◆ **Data excerpts**:

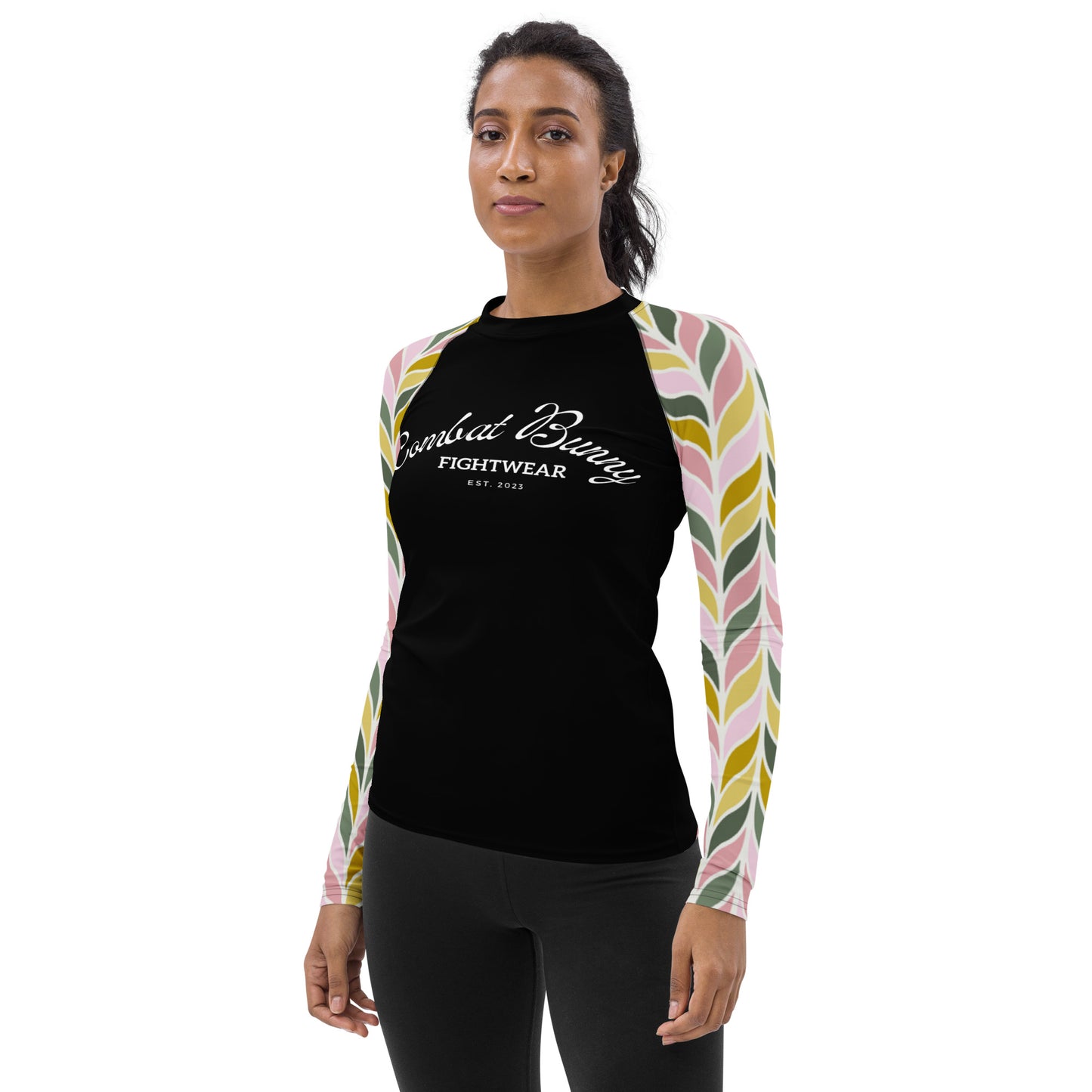 Women's Leave Pattern Rash Guard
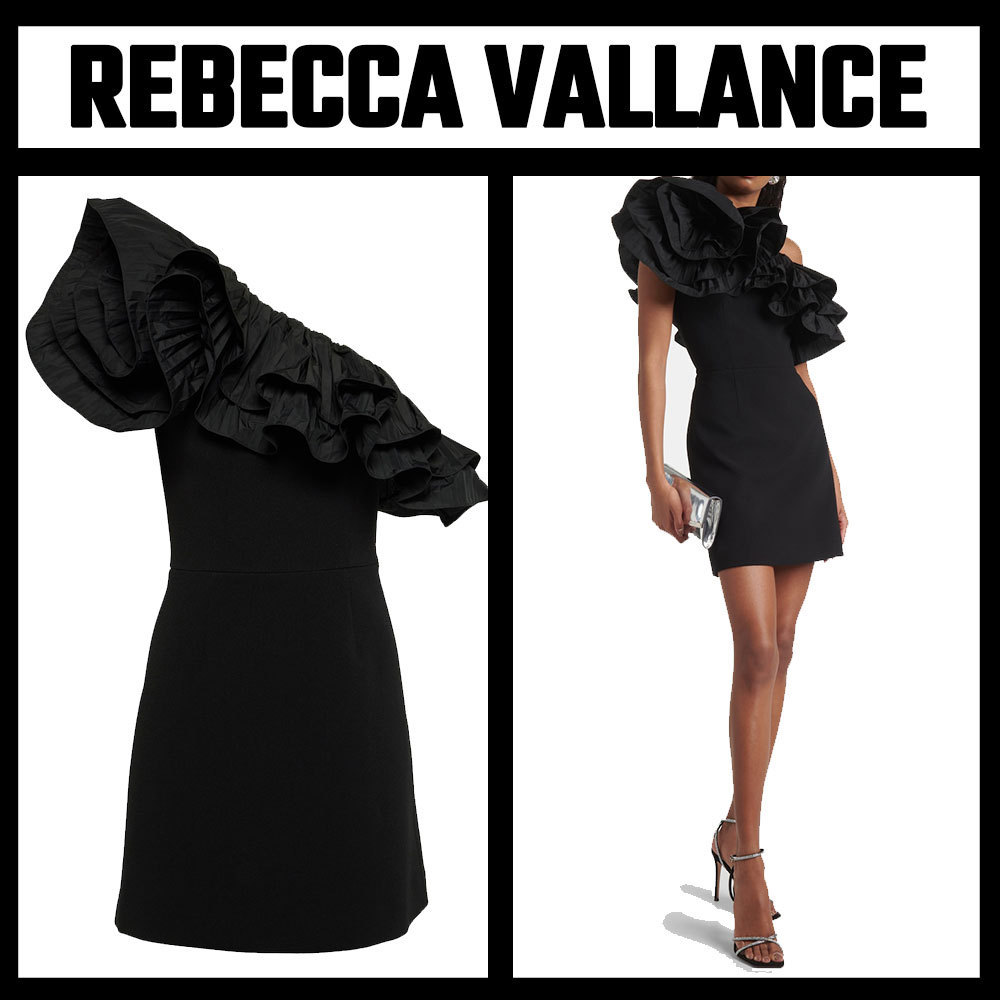 *REBECCA VALLANCE*ワンショルダーミニドレス 黒 アシンメトリー
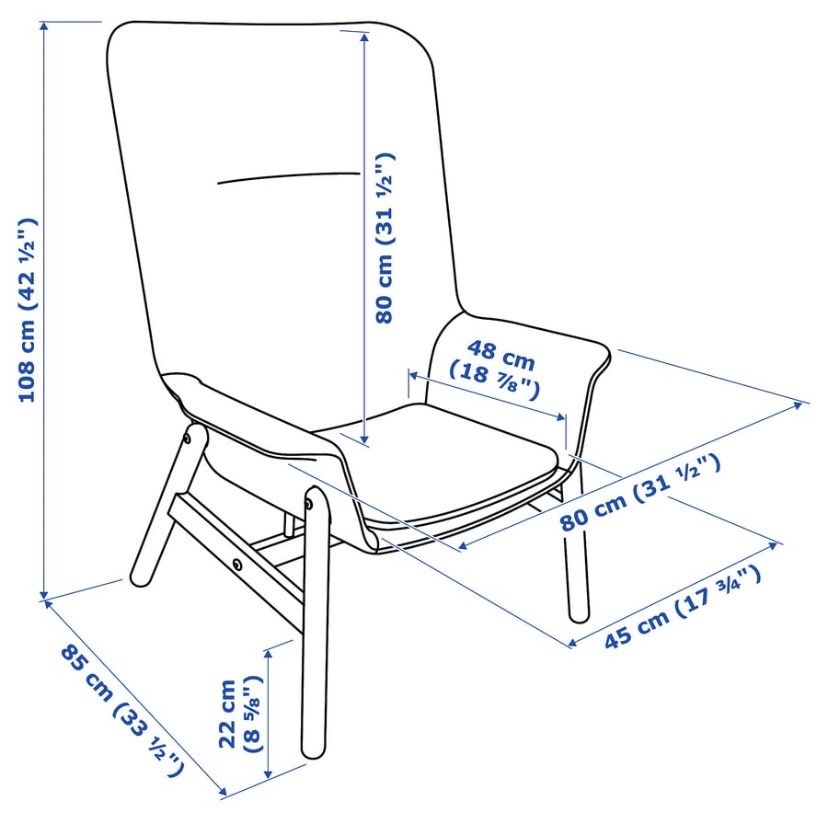Ikea Sessel: Vedbo Armchair – Gebraucht aus Zug von dca_75bz 1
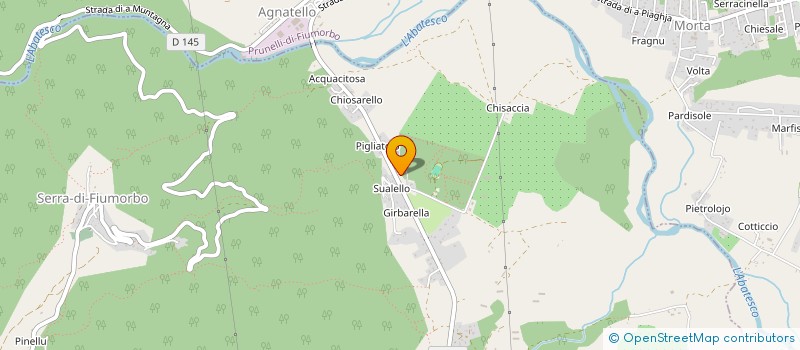 localisation de l'entreprise ASSOCIATION PARENTS D'ELEVES ECOLE CAPANELLA APE CAPANELLA  SERRA-DI-FIUMORBO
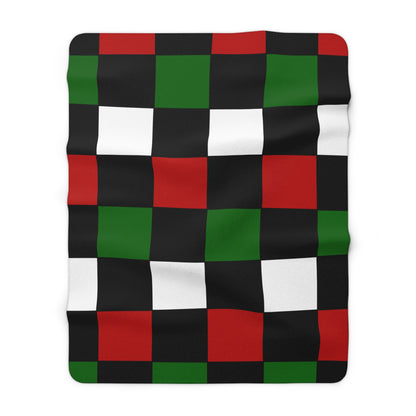 Kenya Retro Check Blanket Throw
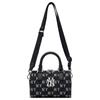 New MLB New York Yankees Artificial Leather Boston Bag, Shoulder Bag, Crossbody Bag, Handbag Regular Unisex Black 3ABWS014N-50BKS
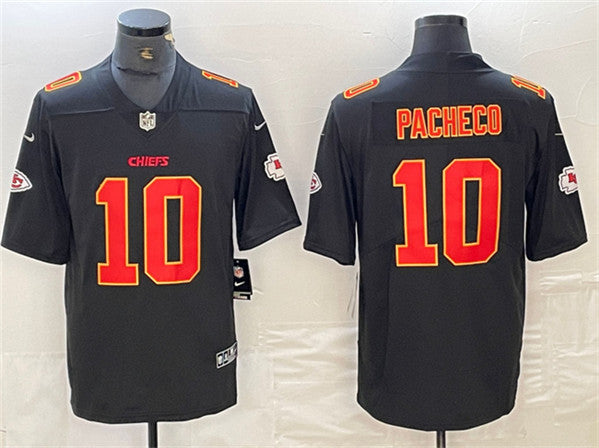 Kansas City Chiefs #10 Isiah Pacheco Black Jersey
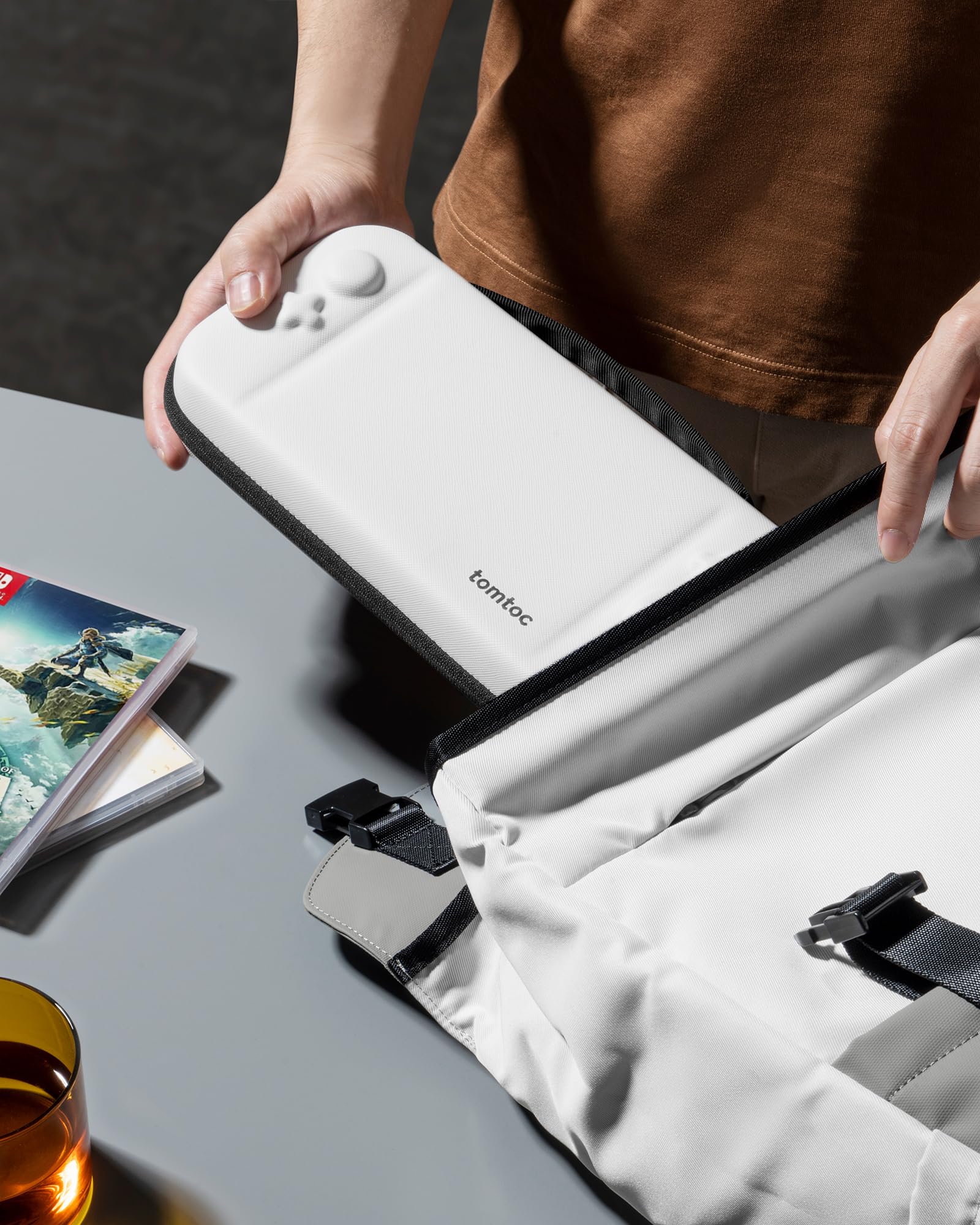Foto 8 pulgar | Funda De Transporte Tomtoc Para Nintendo Switch/oled Modelo Blanca - Venta Internacional.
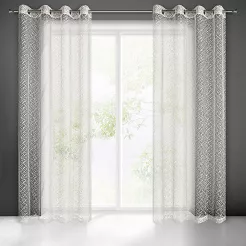 Firana gotowa na przelotkach AMANDA 140x250 Eurofirany kremowy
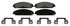 ZX1058C by WAGNER - QuickStop Semi-Metallic Disc Brake Pad Set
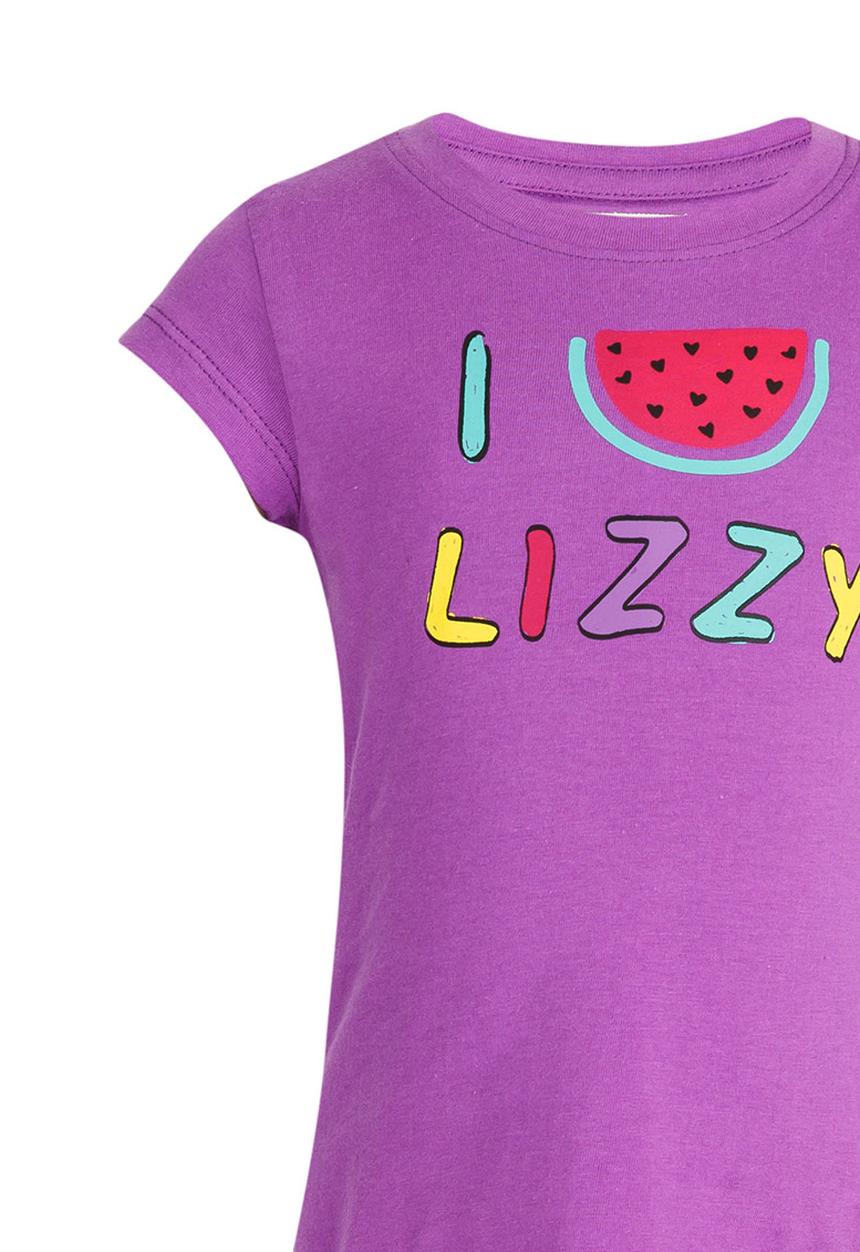 Lizzy - Emira Tee Mid Purple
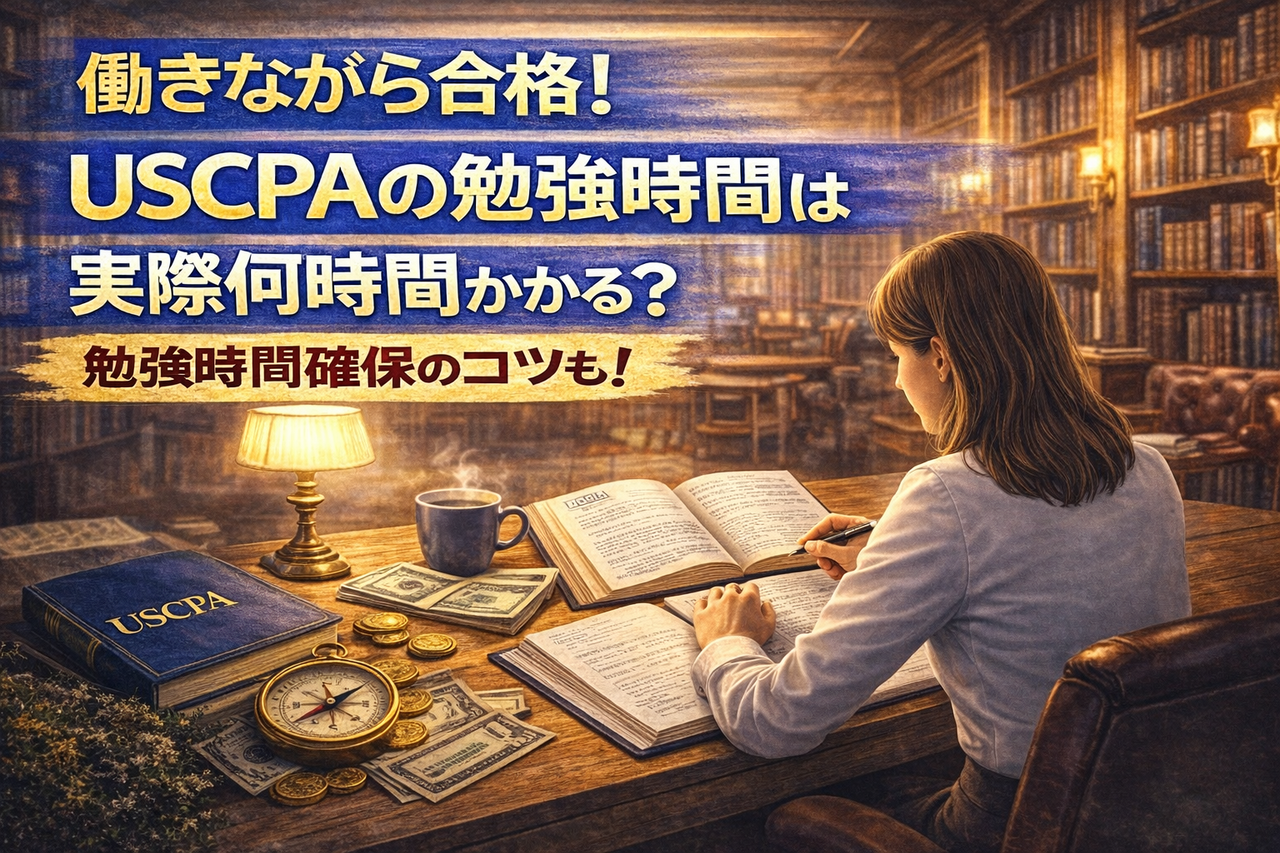 働きながら合格！USCPAの勉強時間は実際何時間かかる？勉強時間確保のコツも！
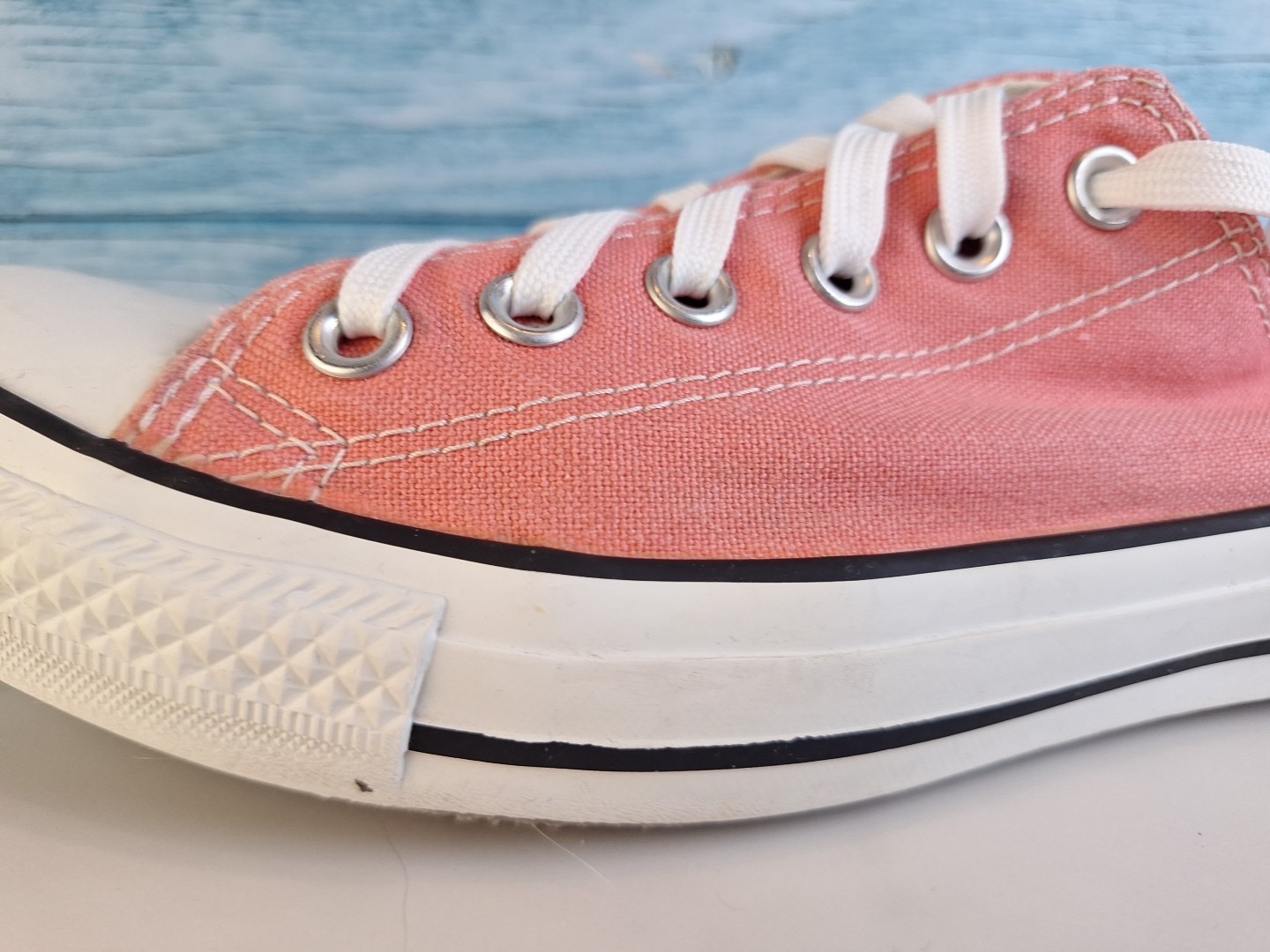 Converse All Star Chuck Taylor Low Top Pink Canvas Sneakers Mens 6 thumbnail 3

◆ **Exercise details**:
Here the requirement is to restate exactly the line holding "New MLB New" and every later line through the end of the material, omitting pictures.

◆ **Task solution**:
 New MLB New York Yankees Artificial Leather Boston Bag, Shoulder Bag, Crossbody Bag, Handbag Regular Unisex Black 3ABWS014N-50BKS
 Kansas City Chiefs #10 Isiah Pacheco Black Jersey
Foto 8 pulgar | Funda De Transporte Tomtoc Para Nintendo Switch/oled Modelo Blanca - Venta Internacional.
 Firana gotowa na przelotkach AMANDA 140x250 Eurofirany kremowy
 ZX1058C by WAGNER - QuickStop Semi-Metallic Disc Brake Pad Set
 Lizzy - Emira Tee Mid Purple
 働きながら合格！USCPAの勉強時間は実際何時間かかる？勉強時間確保のコツも！
 Converse All Star Chuck Taylor Low Top Pink Canvas Sneakers Mens 6 thumbnail 3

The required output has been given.